### ABOUT THIS EXERCISE
Set down every line of the data, unchanged and complete.

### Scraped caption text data
————————

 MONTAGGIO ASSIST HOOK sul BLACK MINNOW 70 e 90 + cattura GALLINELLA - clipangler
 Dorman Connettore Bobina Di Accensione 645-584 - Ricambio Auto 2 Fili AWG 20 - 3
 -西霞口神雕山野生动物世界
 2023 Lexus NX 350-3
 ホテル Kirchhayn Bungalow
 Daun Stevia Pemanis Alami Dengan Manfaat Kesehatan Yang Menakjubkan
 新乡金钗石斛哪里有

————————

### RESULT OF THE TASK
 MONTAGGIO ASSIST HOOK sul BLACK MINNOW 70 e 90 + cattura GALLINELLA - clipangler
 Dorman Connettore Bobina Di Accensione 645-584 - Ricambio Auto 2 Fili AWG 20 - 3
 -西霞口神雕山野生动物世界
 2023 Lexus NX 350-3
 ホテル Kirchhayn Bungalow
 Daun Stevia Pemanis Alami Dengan Manfaat Kesehatan Yang Menakjubkan
 新乡金钗石斛哪里有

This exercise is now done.